In 1985 and 1993 the plaintiff City issued building permits to the defendant for the construction of a building and facilities to support Rahn’s logging operations. In 2000 the City realized it had made an error in issuing the building permits and thereafter obtained an injunction preventing Rahn from operating on its lands on the basis of zoning issues. Rahn counter-claimed and was awarded damages for the City’s negligent issuance of building permits. At trial Rahn testified that had the City not been negligent it would have constructed its building and facilities on other lands zoned for the proper purpose. Rahn sought damages on the basis of the estimated cost to replace its building and facilities. The trial judge found the damage request unreasonable on the basis of Rahn’s failure to prove it would actually rebuild given the 1997 downturn in the logging industry. The trial judge granted an award based on the original cost of construction adjusted for inflation and reduced by the useful life of the building and facility already expended. The award, in essence, was for the depreciated value of the building and facility adjusted for increased construction costs.

On appeal the Court found that the trial judge failed to give effect to the restitutio in integrum principle by requiring Rahn to prove that it would have rebuilt the facility rather than assessing the chances of that event occurring. The Court however did not award the cost of rebuilding and in doing so specifically distinguished the case at bar from Nan on the basis of the commercial purpose of the building and facilities. In discussing Rahn’s entitlement to damages the Court stated:

“As noted earlier, the trial judge made a deduction from the capital cost figures he had arrived at to take into account a reduction in the useful life of the facilities had they been built on other lands (see paras. 54 to 57 of his reasons quoted in paragraph 62 of these reasons).

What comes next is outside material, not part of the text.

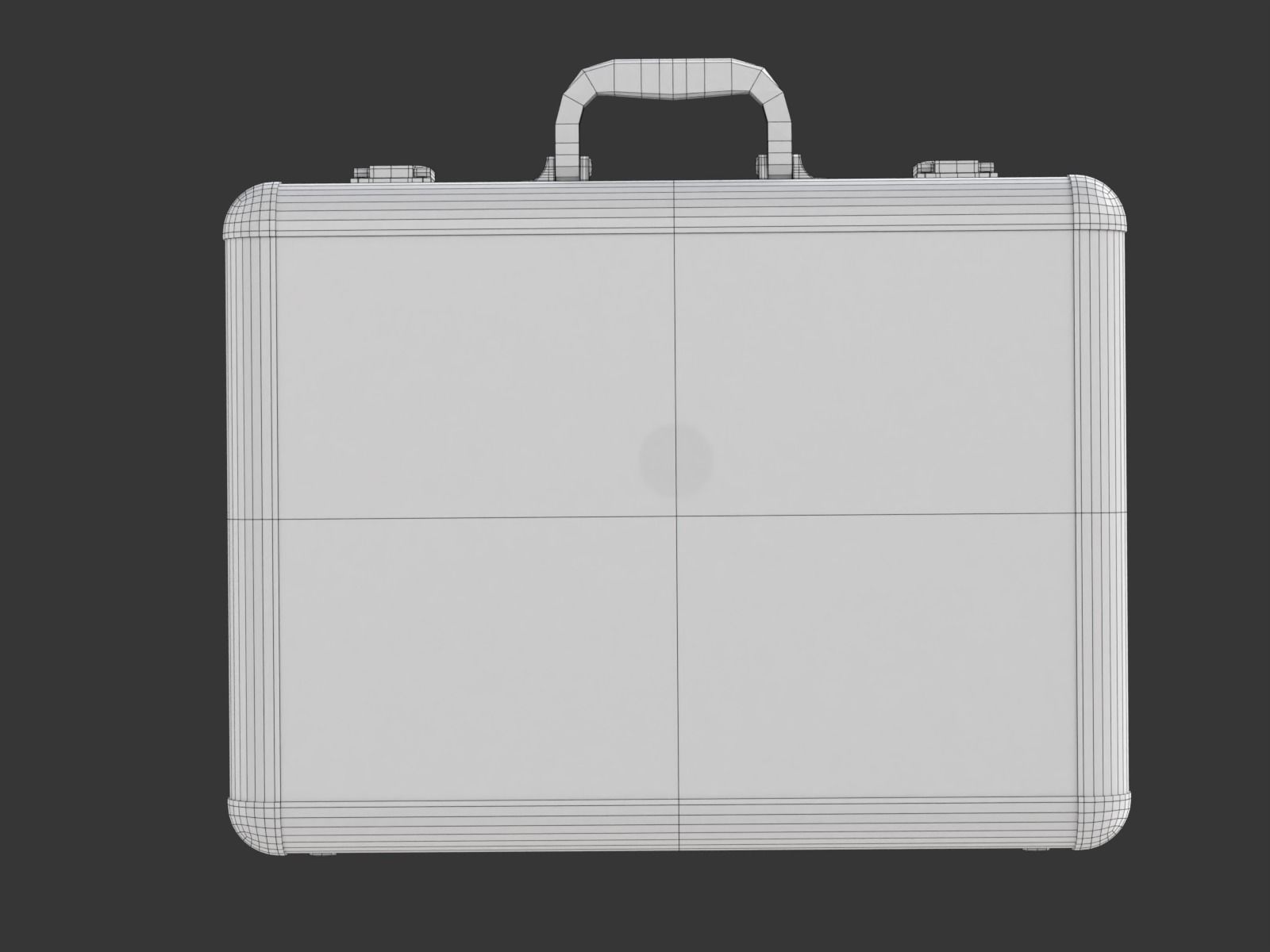 Metal Briefcase 3D model_16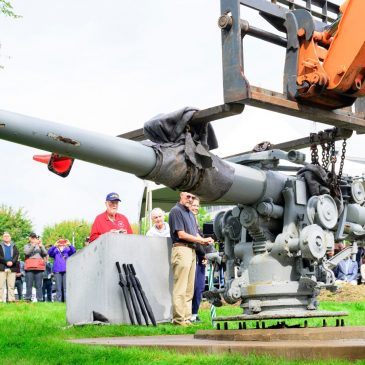 USS Ward gun leaves Capitol grounds in St. Paul for museum in Little Falls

If a deduction is made from the estimated replacement costs to take into account a portion of their useful life expended, the result would be an award of about $530,000. In my opinion, such a deduction must be made in this case or the result would be that the appellant is placed in a better position than it would have been in had the misrepresentations not been made at all. This was a special use building designed for the appellant’s purposes but there is no reason to assume that had it been built on other lands it would not have suffered from deterioration and some obsolescence over a span of years.

I am also of the view that some discounting is required to take into account the possibility that the economy in the logging industry may not improve for some time or at all and for the possibility that, even if the economy does improve, the principal of the appellant will decide not to replace the building and facilities or will replace them on a smaller scale.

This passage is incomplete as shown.